Capcom celebrated the legacy – in Japan, at least – with the release of the Ghouls n' Ghosts Collection, as part of the Capcom Generations package, for both Sega Saturn and PlayStation. All three games were perfectly intact with this release, and though it was rumored to come to both Xbox Live and the PlayStation Network, it never did. (Luckily, you can play all the games in Capcom Classics Collection Reloaded, and download them on the Wii Virtual Console service.)
It Takes a Demon
Arthur wasn't the only dark hero to come out of the Ghosts n' Goblins series. Firebrand, a ruthless winged creature who always wreaked havoc for him, appeared in his own games, starting with Gargoyle's Quest on the Game Boy in 1990, and then returning for Gargoyle's Quest II for both NES and Game Boy two years later.
But 1994 would bring his best game to date, a thrilling side-scrolling adventure game called Demon's Crest. Featuring a fantastic music score, breathtaking 16-bit visuals, tough boss encounters and a quest that took hours to complete, it changed the tone of the Ghosts n' Goblins series almost completely. Capcom had created a true classic here, but, sadly, they failed to give it any sort of re-release. It's definitely deserving of one.
Enter the Maximo, and the Return of Arthur
In 2001, Capcom chose to take a different path with its Ghosts n' Goblins series, shifting it into 3D for a pair of games featuring a knight named Maximo. The story is roughly the same – a maiden in dire need of rescuing – but the games, put together by the now defunct Capcom Digital Studios, featured terrific 3D visuals, as well as a music score put together by music genius Tommy Tallarico. The 3D gameplay also upped the challenge with better platforming skills and tougher enemies.
The original game was a hit, prompting Capcom to move forward with Army of Zin, a sequel featuring more mechanical terrors and a better storyline, as well as the option to buy more goods. Though the game was popular with fans, it didn't sell as well as expected, and Capcom scuttled any plans for a release of Maximo 3. (Luckily, you can buy the original Maximo: Ghosts To Glory on PSN for ten bucks.)
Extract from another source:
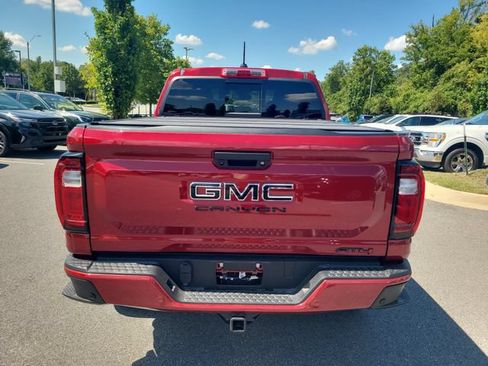 Used 2026 GMC Canyon AT4 w/ Technology Plus Package AWD/4WD image 4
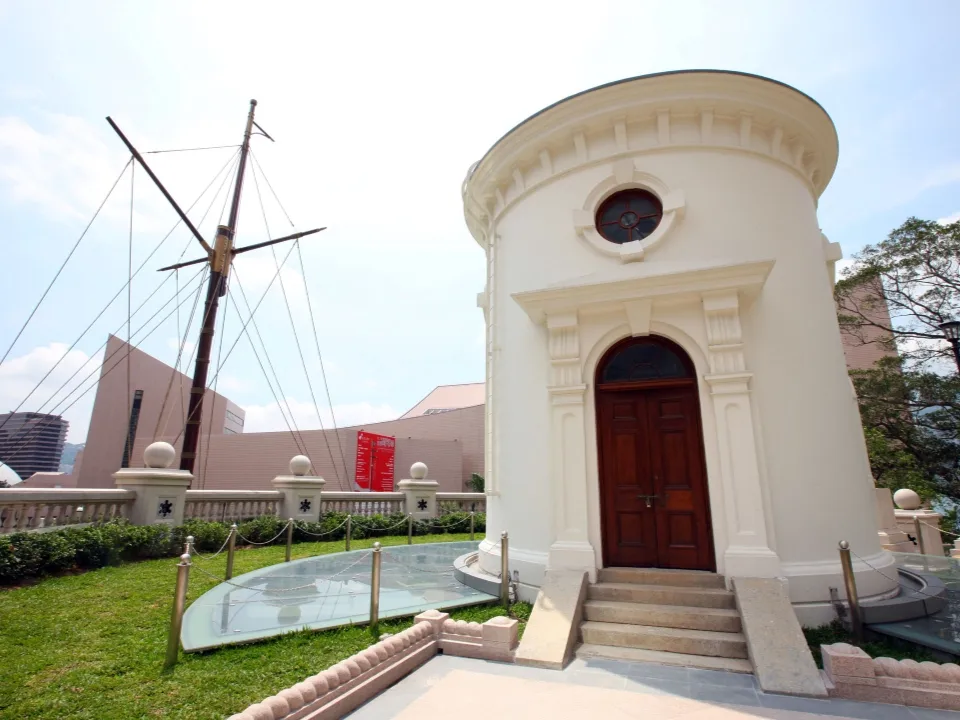 1881 Heritage（來源：旅發局）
Maximo wasn't the only return to form for the series. Arthur returned in 2006 with Ultimate Ghosts n' Goblins for the PSP, featuring advanced graphics, more weapons and trickier vertical level design. It did all right, prompting Capcom to also release the Gold Knights spin-off games for iOS in 2009 and 2010. They're moderately cheap if you want to try them out.
So Where's Arthur Now?
Arthur's still doing very well for Capcom, as he's a featured fighter in both the Marvel vs. Capcom 3 and Ultimate spin-offs. Firebrand, his long-time rival, has also been added to Ultimate, bringing his own tactics to the fighting field.
Though it's great to see them in action in those brawlers, we can't help but think that Capcom may be planning another Ghosts n' Goblins game for the future. It'd be great to see Arthur – or Firebrand – in action again on the downloadable front. What do you think?